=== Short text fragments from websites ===
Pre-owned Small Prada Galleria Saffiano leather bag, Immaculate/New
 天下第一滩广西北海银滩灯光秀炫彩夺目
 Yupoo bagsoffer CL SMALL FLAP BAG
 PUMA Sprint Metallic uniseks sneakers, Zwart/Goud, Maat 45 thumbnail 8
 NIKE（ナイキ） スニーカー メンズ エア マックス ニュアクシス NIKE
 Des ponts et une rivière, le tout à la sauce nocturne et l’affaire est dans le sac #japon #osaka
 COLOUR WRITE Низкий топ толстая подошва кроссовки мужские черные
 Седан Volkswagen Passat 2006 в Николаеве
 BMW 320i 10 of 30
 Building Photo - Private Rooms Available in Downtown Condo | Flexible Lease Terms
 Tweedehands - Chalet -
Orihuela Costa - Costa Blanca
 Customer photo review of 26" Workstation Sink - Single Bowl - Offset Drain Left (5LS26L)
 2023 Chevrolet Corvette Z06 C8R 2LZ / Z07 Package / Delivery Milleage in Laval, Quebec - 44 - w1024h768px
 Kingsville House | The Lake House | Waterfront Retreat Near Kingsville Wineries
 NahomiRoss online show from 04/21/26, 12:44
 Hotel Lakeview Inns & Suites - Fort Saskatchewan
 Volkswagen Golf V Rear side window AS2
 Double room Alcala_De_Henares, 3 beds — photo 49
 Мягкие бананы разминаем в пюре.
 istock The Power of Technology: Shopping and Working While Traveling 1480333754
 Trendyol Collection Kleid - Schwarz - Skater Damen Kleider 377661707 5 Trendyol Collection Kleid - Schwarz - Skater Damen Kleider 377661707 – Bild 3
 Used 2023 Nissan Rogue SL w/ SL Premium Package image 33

=== Directions for this task ===
From the records above, extract exactly and only the lines that begin at the line with "Volkswagen Golf V Rear side window AS2" and stop after the line with "istock The Power".

=== Worked solution ===
 Volkswagen Golf V Rear side window AS2
 Double room Alcala_De_Henares, 3 beds — photo 49
 Мягкие бананы разминаем в пюре.
 istock The Power of Technology: Shopping and Working While Traveling 1480333754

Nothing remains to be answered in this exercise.